▸ Records for this exercise
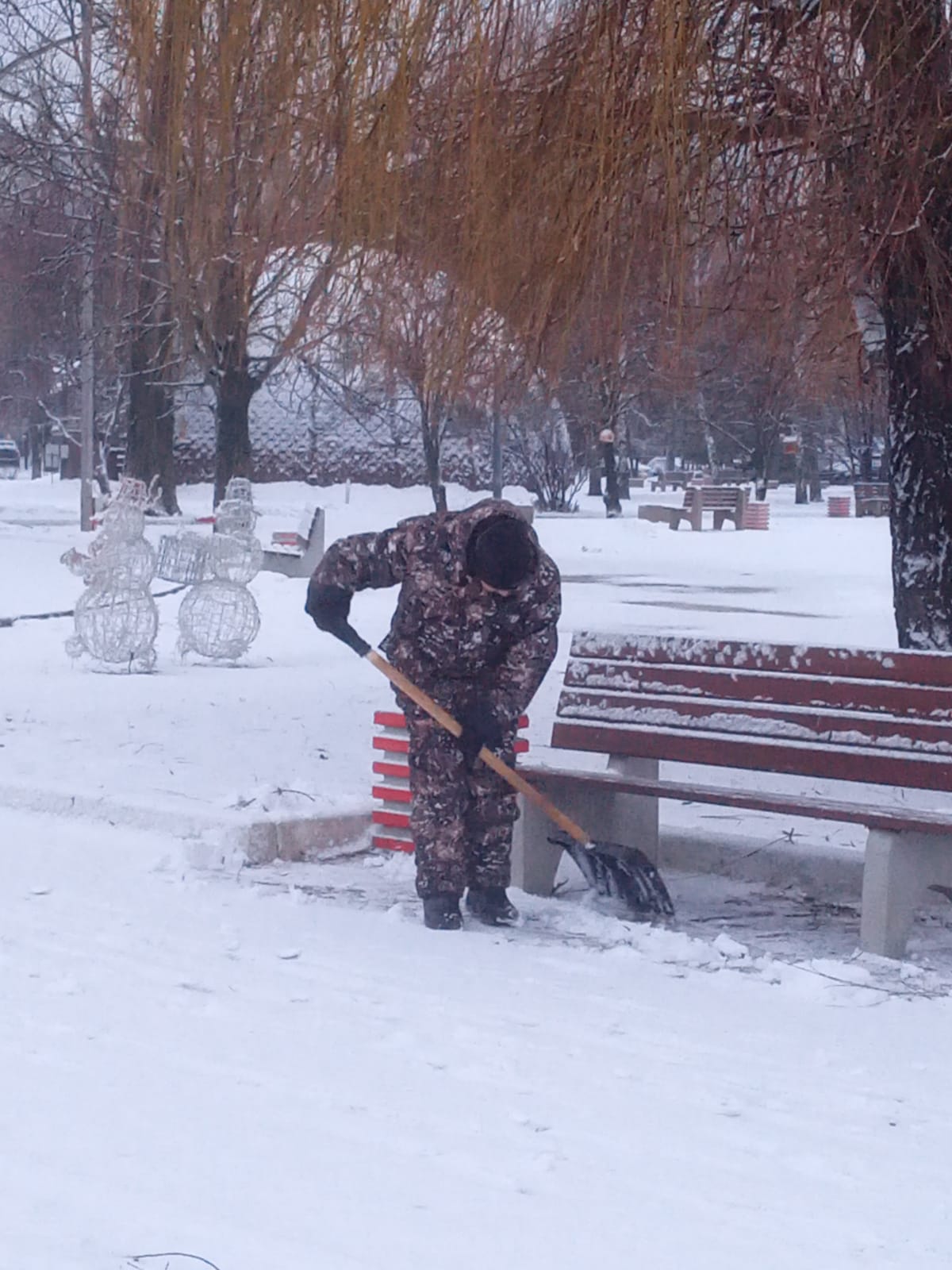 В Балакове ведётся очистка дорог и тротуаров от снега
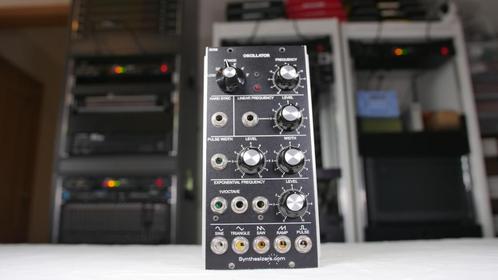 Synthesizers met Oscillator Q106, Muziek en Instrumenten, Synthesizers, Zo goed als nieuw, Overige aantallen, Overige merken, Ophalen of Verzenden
...
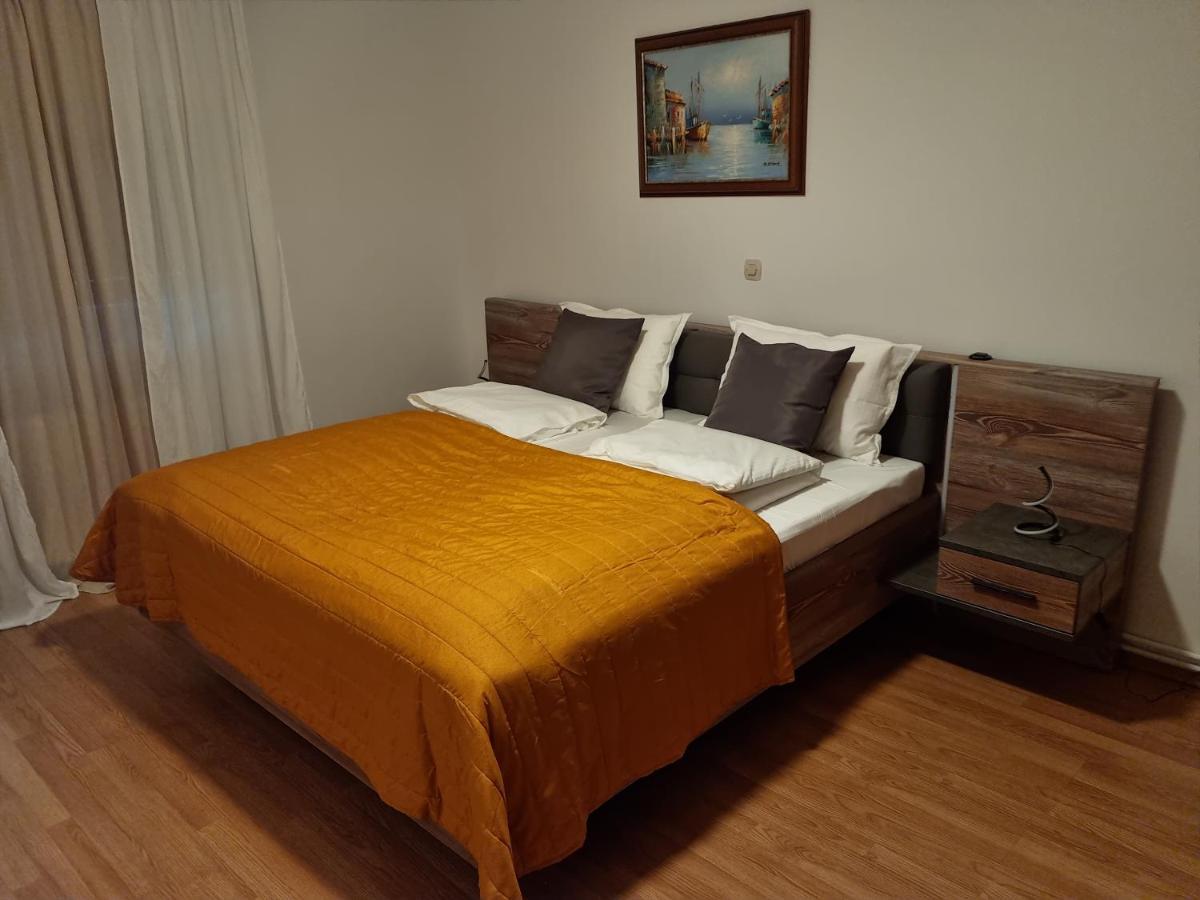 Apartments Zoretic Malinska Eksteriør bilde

▸ Work order
In the records above, find the line with "В Балакове ведётся" and the line with "Synthesizers met Oscillator". Write out exactly those lines and every one between, with no pictures and no other lines.

▸ Response to the exercise
 В Балакове ведётся очистка дорог и тротуаров от снега
 Synthesizers met Oscillator Q106, Muziek en Instrumenten, Synthesizers, Zo goed als nieuw, Overige aantallen, Overige merken, Ophalen of Verzenden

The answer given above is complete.